Diritto di cronaca e diritto di causa
La libertà di stampa è sacrosanto principio di democrazia, corollario degli altri diritti che ne sono fondamento: libertà di pensiero e di parola. Non si possono limitare la stampa e il diritto di cronaca, così come non si può ostacolarla frapponendo ostacoli anche indiretti quali impedire forme di finanziamento. Tali atteggiamenti sono tipici di regimi illiberali e totalitari. Ciò premesso, è allo stesso modo diritto di chiunque quello di poter agire in giudizio per tutelare le proprie ragioni. E anche questo diritto non può trovare limiti, anche laddove venga usato nei confronti di chi esercita a sua volta un proprio diritto. Specialmente se quest’ultimo abbia superato i limiti che gli vengono imposti dalla sua attività, dal buonsenso, dalle leggi.

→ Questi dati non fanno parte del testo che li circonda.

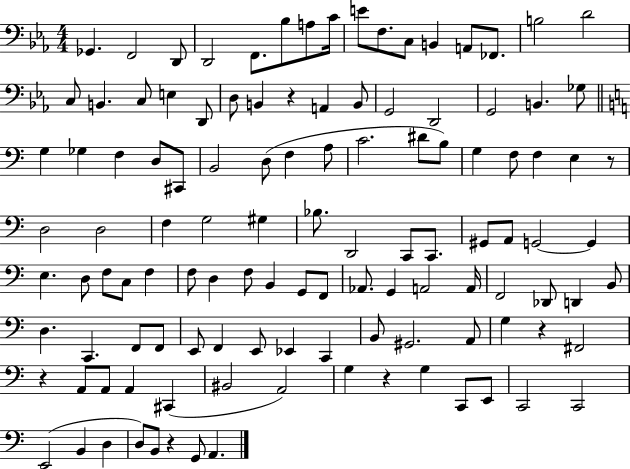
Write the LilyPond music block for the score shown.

{
  \clef bass
  \numericTimeSignature
  \time 4/4
  \key ees \major
  ges,4. f,2 d,8 | d,2 f,8. bes8 a8 c'16 | e'8 f8. c8 b,4 a,8 fes,8. | b2 d'2 | \break c8 b,4. c8 e4 d,8 | d8 b,4 r4 a,4 b,8 | g,2 d,2 | g,2 b,4. ges8 | \break \bar "||" \break \key c \major g4 ges4 f4 d8 cis,8 | b,2 d8( f4 a8 | c'2. dis'8 b8) | g4 f8 f4 e4 r8 | \break d2 d2 | f4 g2 gis4 | bes8. d,2 c,8 c,8. | gis,8 a,8 g,2~~ g,4 | \break e4. d8 f8 c8 f4 | f8 d4 f8 b,4 g,8 f,8 | aes,8. g,4 a,2 a,16 | f,2 des,8 d,4 b,8 | \break d4. c,4. f,8 f,8 | e,8 f,4 e,8 ees,4 c,4 | b,8 gis,2. a,8 | g4 r4 fis,2 | \break r4 a,8 a,8 a,4 cis,4( | bis,2 a,2) | g4 r4 g4 c,8 e,8 | c,2 c,2 | \break e,2( b,4 d4 | d8) b,8 r4 g,8 a,4. | \bar "|."
}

La vicenda di Marco Travaglio, condannato a risarcire Renzi Padre per i suoi articoli, ha visto una reazione a dir poco scomposta e ai limiti del terrorismo psicologico. Con un linguaggio insinuante e rivendicando la bontà del proprio operato, pesantemente censurato in sede giudiziaria, il giornalista chiede l’aiuto dei propri lettori per riparare ad un suo errore e lancia un appello pietistico sostenendo che il continuo ricevere citazioni, e magari perdere le cause, porterebbe un giornale non sovvenzionato al rischio di chiusura. Viene poi lamentata la sproporzione nella misura del risarcimento.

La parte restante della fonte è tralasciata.